The following are flags that make debugging much easier.

Fast dev run¶

This flag runs a “unit test” by running 1 training batch and 1 validation batch. The point is to detect any bugs in the training/validation loop without having to wait for a full epoch to crash.

(See: fast_dev_run argument of Trainer)

trainer = Trainer(fast_dev_run=True)

Inspect gradient norms¶

Logs (to a logger), the norm of each weight matrix.

(See: track_grad_norm argument of Trainer)

# the 2-norm
trainer = Trainer(track_grad_norm=2)

Log GPU usage¶

Logs (to a logger) the GPU usage for each GPU on the master machine.

(See: log_gpu_memory argument of Trainer)

trainer = Trainer(log_gpu_memory=True)

Make model overfit on subset of data¶

A good debugging technique is to take a tiny portion of your data (say 2 samples per class), and try to get your model to overfit. If it can’t, it’s a sign it won’t work with large datasets.

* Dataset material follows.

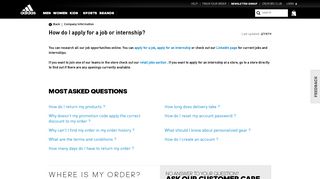 
                            6. How do I apply for a job or internship? - Adidas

(See: overfit_pct argument of Trainer)

trainer = Trainer(overfit_pct=0.01)

Print the parameter count by layer¶

Whenever the .fit() function gets called, the Trainer will print the weights summary for the lightningModule. To disable this behavior, turn off this flag:

(See: weights_summary argument of Trainer)

trainer = Trainer(weights_summary=None)

Set the number of validation sanity steps¶

Lightning runs a few steps of validation in the beginning of training. This avoids crashing in the validation loop sometime deep into a lengthy training loop.

(See: num_sanity_val_steps argument of Trainer)

# DEFAULT
trainer = Trainer(num_sanity_val_steps=5)